Вечер нашего расставания вписался огненными буквами в мою память. Он ушел очень поздно, но вернулся через несколько минут, т. к. был сильный дождь. Через некоторое время он снова ушел, но тут же вернулся за книгой. Когда он ушел совсем, рассветало. Я выглянула в окно и была сильно удивлена: улица оказалась сухой, а безоблачное небо еще пестрело бледнеющими звездами. Отвернувшись от окна, я заметила в свете лампы свою детскую фотографию, которую когда-то взял Пауль. Она выглядывала из сложенной записочки, где я прочла: "Сжалься! Не ищи!"

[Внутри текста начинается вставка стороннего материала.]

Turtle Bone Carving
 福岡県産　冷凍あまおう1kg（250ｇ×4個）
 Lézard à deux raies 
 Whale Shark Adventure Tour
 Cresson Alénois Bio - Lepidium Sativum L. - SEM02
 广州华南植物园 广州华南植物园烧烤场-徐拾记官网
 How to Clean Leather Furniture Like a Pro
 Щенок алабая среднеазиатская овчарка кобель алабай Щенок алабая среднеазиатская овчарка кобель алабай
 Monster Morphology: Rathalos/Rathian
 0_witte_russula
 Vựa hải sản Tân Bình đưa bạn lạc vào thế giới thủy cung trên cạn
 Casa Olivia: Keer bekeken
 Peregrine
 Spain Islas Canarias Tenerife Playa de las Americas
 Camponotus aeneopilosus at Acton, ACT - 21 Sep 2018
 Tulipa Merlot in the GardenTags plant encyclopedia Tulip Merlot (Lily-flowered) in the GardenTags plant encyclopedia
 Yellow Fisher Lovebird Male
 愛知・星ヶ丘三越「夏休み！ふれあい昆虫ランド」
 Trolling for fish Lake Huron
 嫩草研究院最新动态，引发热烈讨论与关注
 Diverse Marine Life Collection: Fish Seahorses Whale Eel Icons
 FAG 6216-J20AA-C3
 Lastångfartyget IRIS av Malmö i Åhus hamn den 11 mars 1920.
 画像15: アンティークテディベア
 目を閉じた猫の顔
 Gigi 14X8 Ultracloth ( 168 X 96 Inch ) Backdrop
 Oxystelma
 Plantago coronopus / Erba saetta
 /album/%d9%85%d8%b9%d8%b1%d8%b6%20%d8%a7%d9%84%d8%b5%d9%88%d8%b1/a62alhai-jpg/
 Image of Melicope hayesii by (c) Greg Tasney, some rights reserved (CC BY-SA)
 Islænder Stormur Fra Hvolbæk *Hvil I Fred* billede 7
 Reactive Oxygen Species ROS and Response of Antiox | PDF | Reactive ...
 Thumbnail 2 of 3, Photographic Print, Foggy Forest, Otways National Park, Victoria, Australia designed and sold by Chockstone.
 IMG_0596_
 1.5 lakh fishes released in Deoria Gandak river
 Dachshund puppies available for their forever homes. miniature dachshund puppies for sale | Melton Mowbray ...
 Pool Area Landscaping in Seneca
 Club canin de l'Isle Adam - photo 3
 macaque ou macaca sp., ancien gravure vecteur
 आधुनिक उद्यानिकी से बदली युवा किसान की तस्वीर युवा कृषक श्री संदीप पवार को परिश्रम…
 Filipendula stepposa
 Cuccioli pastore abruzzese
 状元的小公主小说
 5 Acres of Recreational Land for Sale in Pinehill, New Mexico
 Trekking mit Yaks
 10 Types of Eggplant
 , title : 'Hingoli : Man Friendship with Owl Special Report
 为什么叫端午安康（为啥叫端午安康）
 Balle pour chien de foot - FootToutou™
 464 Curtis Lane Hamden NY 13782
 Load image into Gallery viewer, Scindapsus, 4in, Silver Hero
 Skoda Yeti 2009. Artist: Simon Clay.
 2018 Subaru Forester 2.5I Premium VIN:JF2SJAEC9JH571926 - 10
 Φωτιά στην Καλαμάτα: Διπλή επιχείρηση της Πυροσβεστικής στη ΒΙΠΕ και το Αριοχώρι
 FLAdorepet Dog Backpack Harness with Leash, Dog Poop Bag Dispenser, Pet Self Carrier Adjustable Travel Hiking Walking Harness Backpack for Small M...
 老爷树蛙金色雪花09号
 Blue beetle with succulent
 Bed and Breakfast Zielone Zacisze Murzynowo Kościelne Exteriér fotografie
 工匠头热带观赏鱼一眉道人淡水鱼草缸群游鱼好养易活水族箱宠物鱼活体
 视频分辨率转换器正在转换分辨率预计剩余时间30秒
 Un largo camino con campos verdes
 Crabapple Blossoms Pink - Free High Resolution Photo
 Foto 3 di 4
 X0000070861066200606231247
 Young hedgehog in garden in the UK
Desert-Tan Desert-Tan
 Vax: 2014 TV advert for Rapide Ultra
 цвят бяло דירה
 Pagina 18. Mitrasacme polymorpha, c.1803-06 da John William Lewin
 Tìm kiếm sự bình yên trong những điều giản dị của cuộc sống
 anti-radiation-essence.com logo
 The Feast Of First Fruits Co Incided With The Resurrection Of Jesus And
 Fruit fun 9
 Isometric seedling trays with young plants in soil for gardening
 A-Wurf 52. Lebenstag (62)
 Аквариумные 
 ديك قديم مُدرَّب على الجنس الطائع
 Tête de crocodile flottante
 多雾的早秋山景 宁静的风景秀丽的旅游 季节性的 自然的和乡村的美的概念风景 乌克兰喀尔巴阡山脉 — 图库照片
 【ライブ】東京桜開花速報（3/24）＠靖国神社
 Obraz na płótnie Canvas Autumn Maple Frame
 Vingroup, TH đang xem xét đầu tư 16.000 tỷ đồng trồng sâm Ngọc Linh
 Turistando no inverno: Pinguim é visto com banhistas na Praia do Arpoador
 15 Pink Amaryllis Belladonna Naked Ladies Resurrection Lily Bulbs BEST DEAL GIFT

Было естественно, что уход Пауля Рэ стал благодеянием для моего мужа, хотя тому достало деликатности не говорить мне об этом. И так же естественно, что, несмотря на проходящие годы, печаль продолжала давить на меня: я знала, что что-то уже никогда не произойдет. Когда я просыпалась по утрам с чувством угнетенности, только новый сон мог его подавить. Вот один из самых тревожных: я вместе со своими друзьями, которые сообщают мне радостно, что с ними Пауль Рэ. Я смотрю на них и не нахожу его, иду в прихожую, где висят наши пальто. Мой взгляд падает на огромного толстого незнакомца, который спокойно сидит, скрестив руки, за вешалкой. Избыток жира, который делает его лицо трудноузнаваемыми и заслоняет ему глаза, покрывает его лицо, как погребальная маска из плоти. Он произносит с удовлетворенным видом: "Не правда ли, вот таким меня никто не найдет?"

Пауль Рэ завершил свои занятия медициной и удалился в Селерину в Верхнем Энгадине, где он применил свои способности врача, бесплатно леча бедных.

Он разбился насмерть, сорвавшись с горы в окрестностях Селерины.